What to do => From the listing below, give again exactly the lines from the line with "MDMA Premium VHQ Северобайкальск" to the line with "酒两个人分着喝就会觉得更暖手写走心文案", ends included, without any pictures.

Supplied records =>
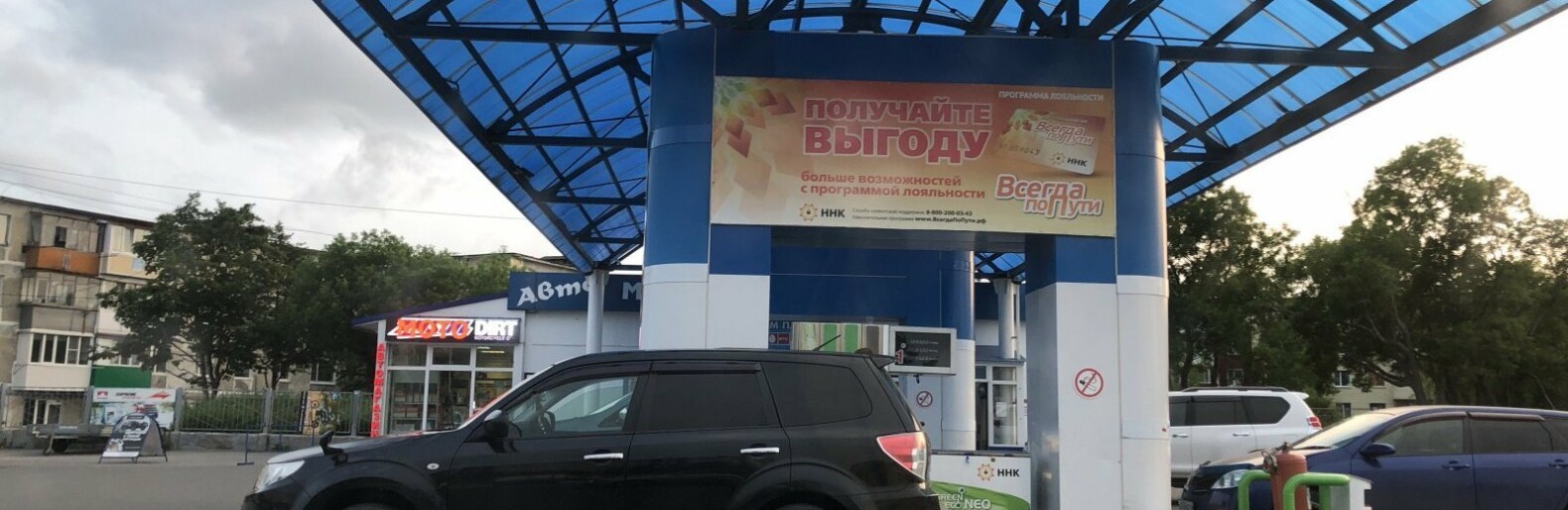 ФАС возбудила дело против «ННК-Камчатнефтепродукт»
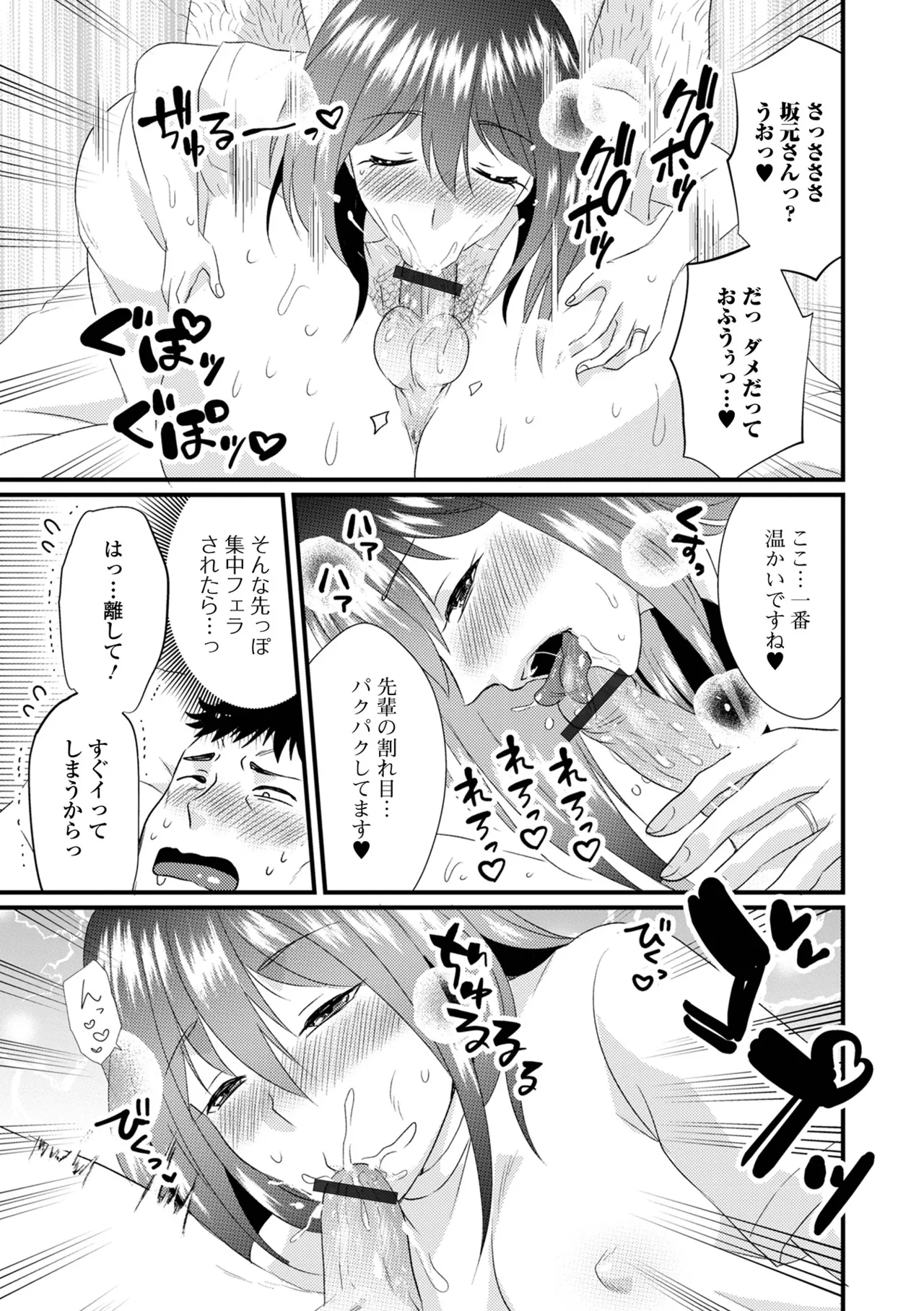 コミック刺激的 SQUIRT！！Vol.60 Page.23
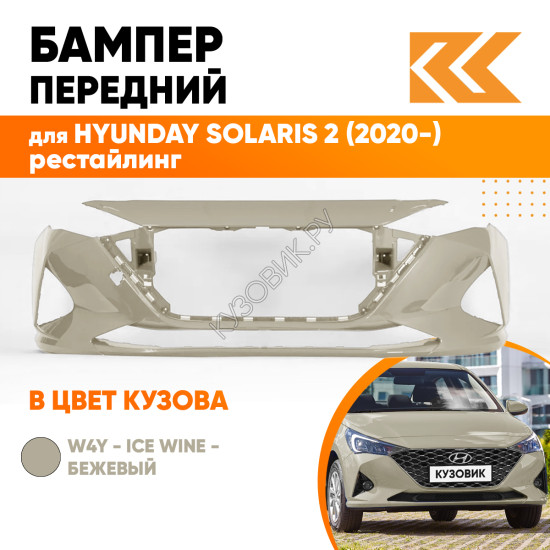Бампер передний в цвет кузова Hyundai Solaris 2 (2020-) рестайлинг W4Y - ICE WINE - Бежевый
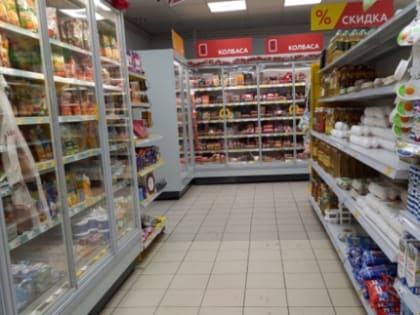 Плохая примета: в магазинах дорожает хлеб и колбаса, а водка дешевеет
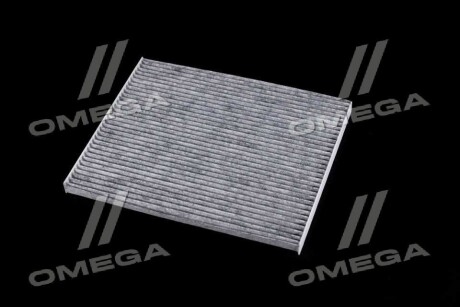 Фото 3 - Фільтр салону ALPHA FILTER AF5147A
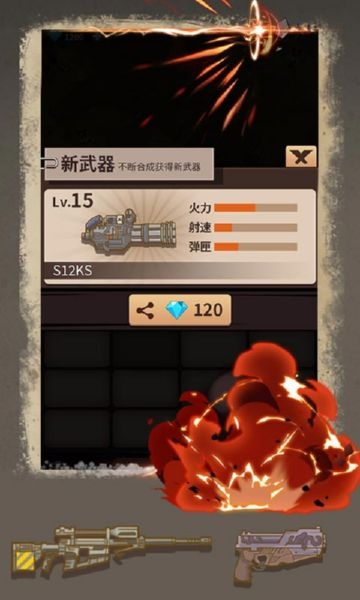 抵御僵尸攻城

--

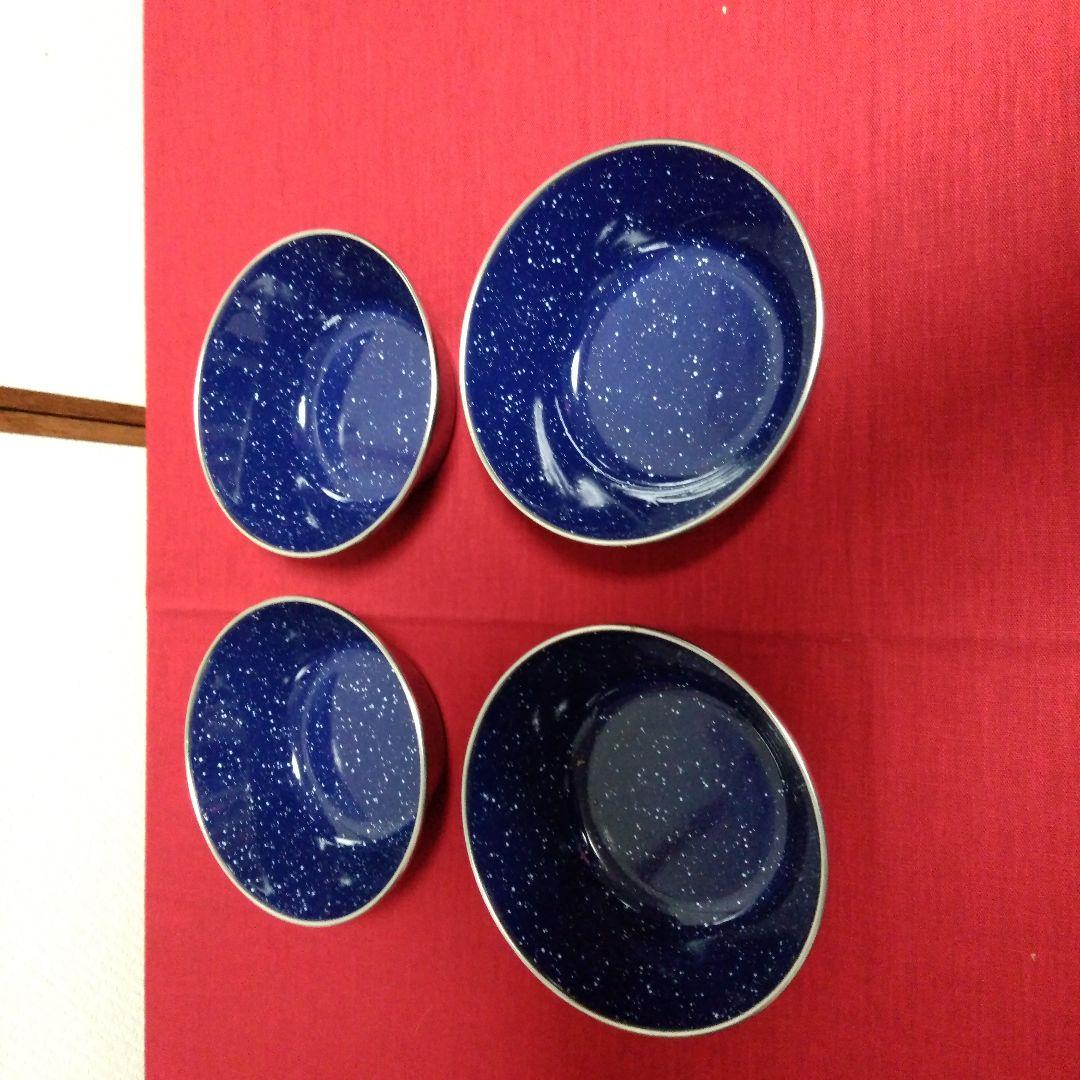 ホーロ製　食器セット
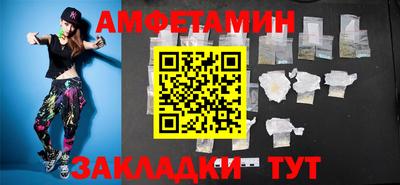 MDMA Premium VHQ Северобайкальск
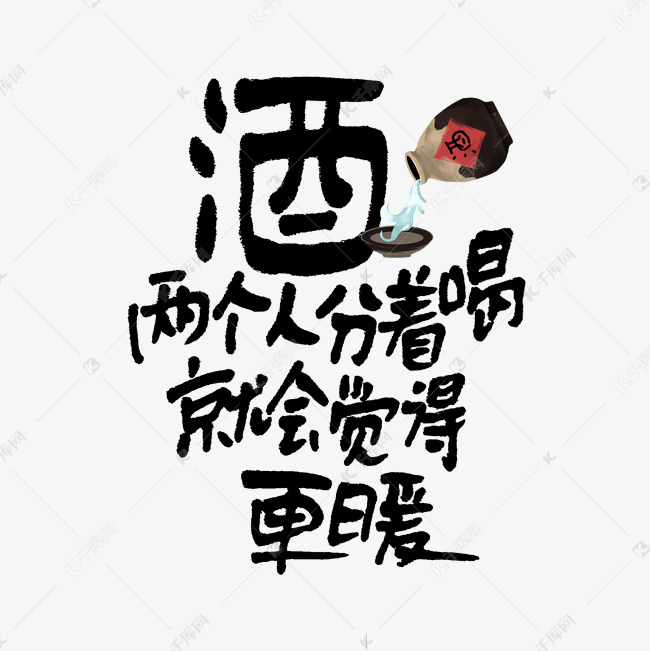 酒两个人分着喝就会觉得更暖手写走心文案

Response to the task =>
 MDMA Premium VHQ Северобайкальск
 酒两个人分着喝就会觉得更暖手写走心文案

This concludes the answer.